* _TASK OBJECTIVE_
Without the pictures, retype each line below exactly as it stands.
─── PROVIDED MATERIAL
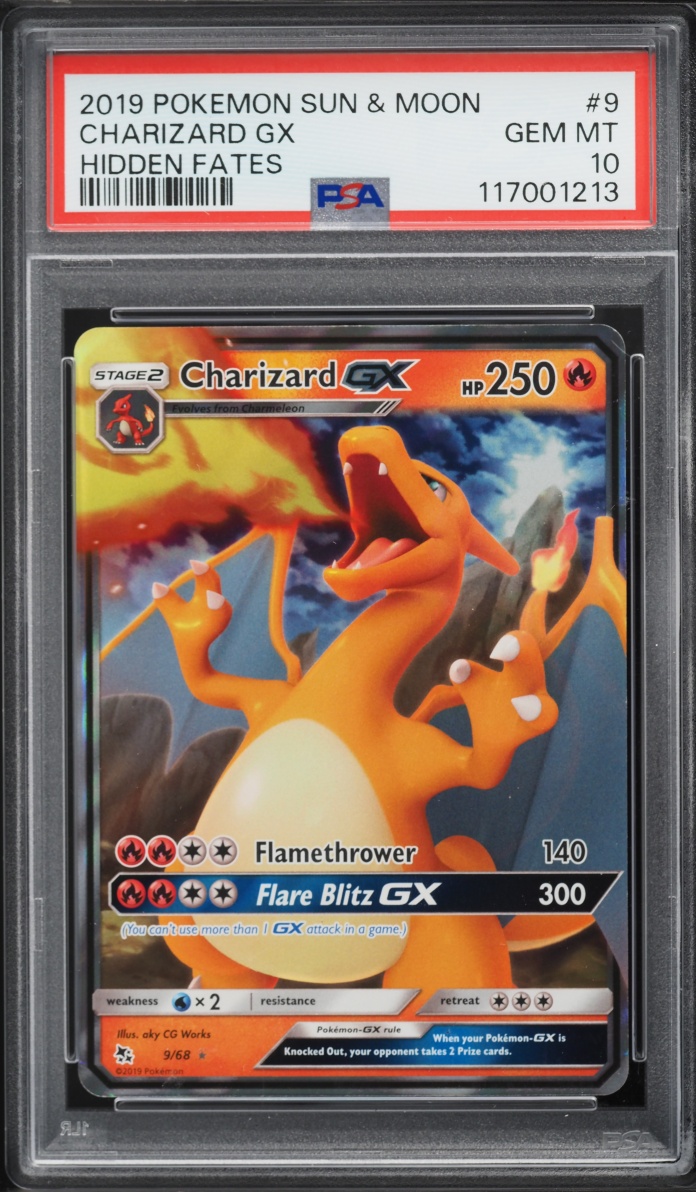 2019 Pokemon Sun & Moon Hidden Fates Holo Charizard GX #9 PSA 10 GEM MINT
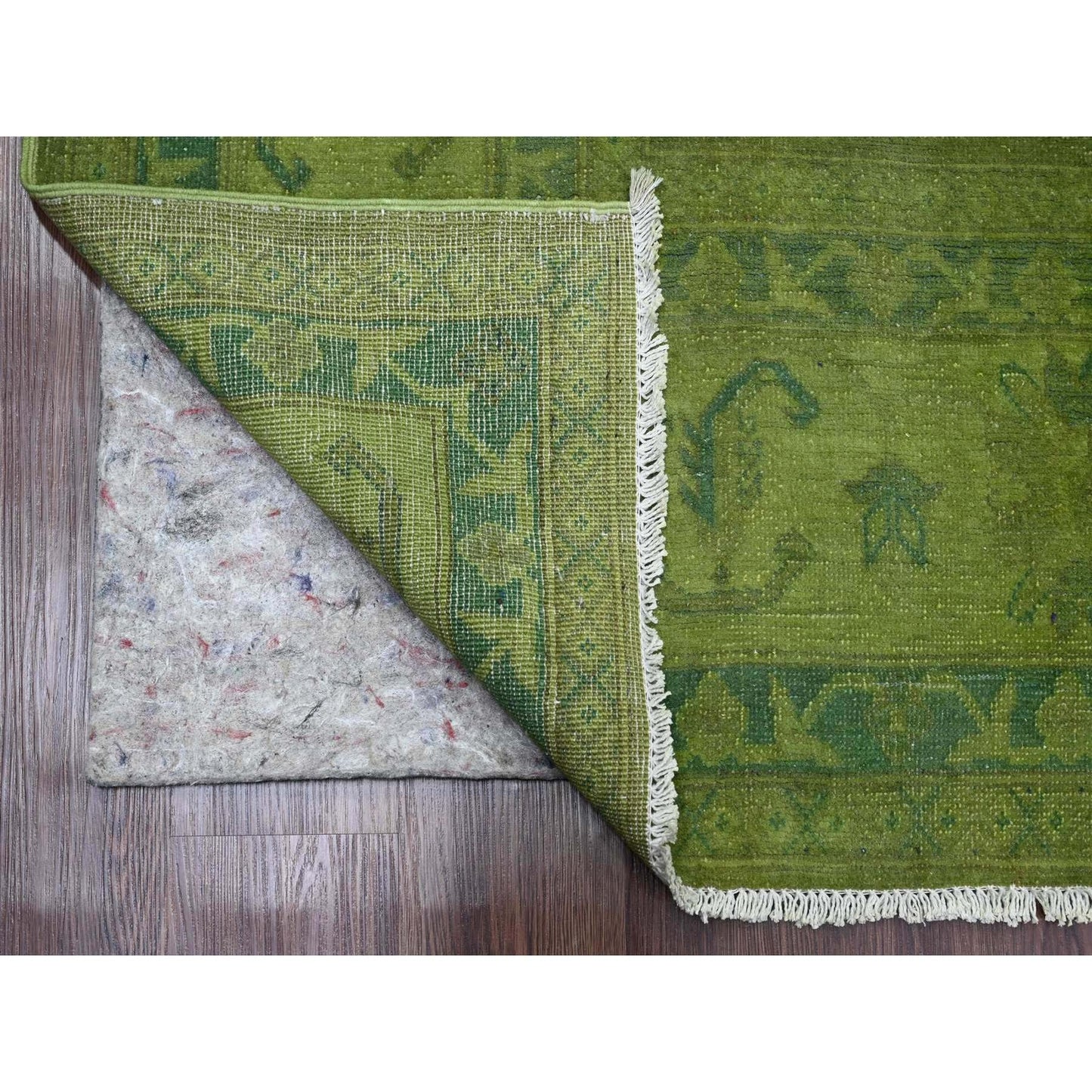 8'X9'6" Green Overdyed Kazak Geometric Pattern Hand Knotted Pure Wool Rug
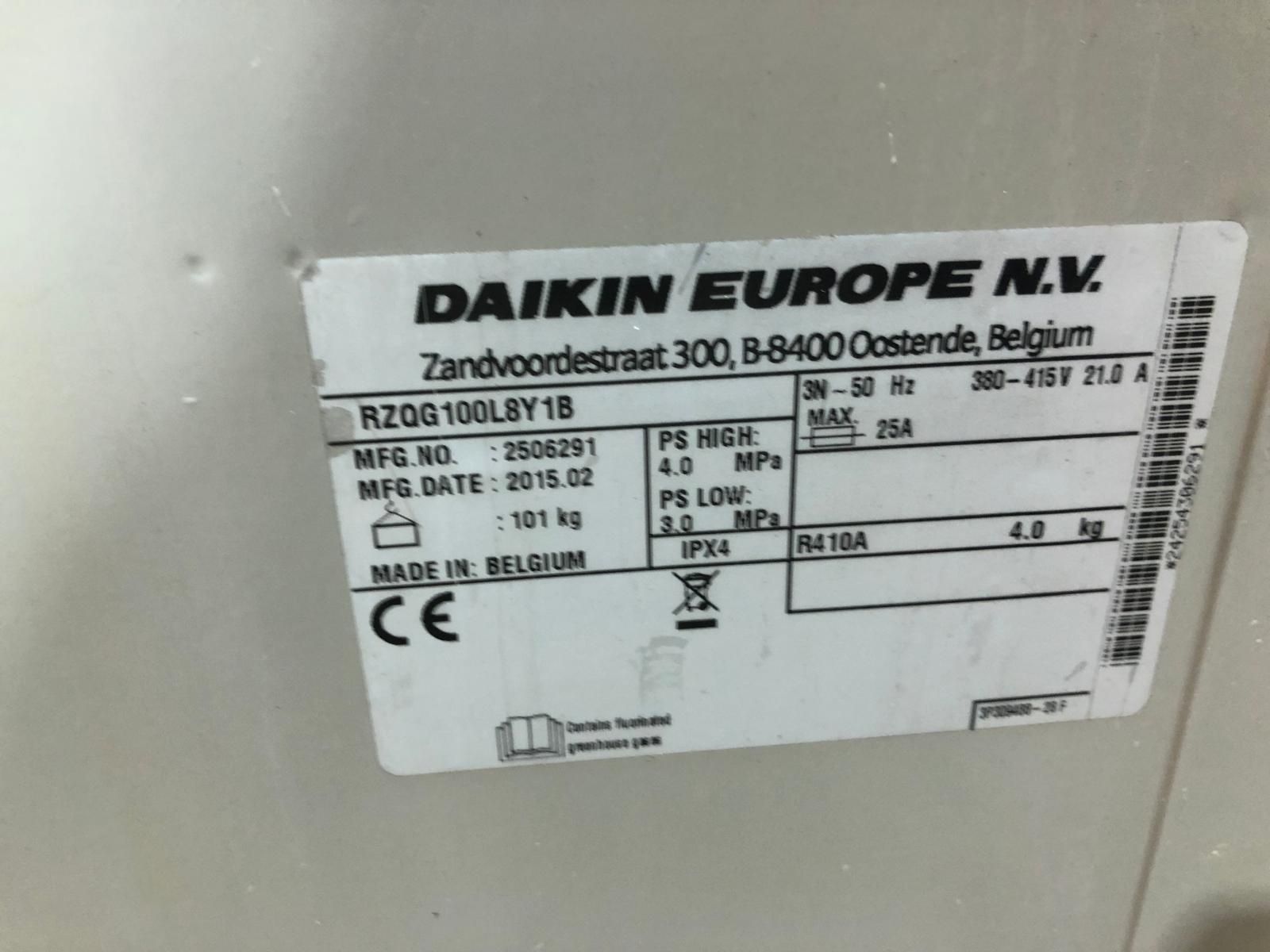 Daikin 10kw таванна касета открит монтаж RZQG100 FUQ100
──────
* _EXPECTED ANSWER_
 2019 Pokemon Sun & Moon Hidden Fates Holo Charizard GX #9 PSA 10 GEM MINT
 8'X9'6" Green Overdyed Kazak Geometric Pattern Hand Knotted Pure Wool Rug
 Daikin 10kw таванна касета открит монтаж RZQG100 FUQ100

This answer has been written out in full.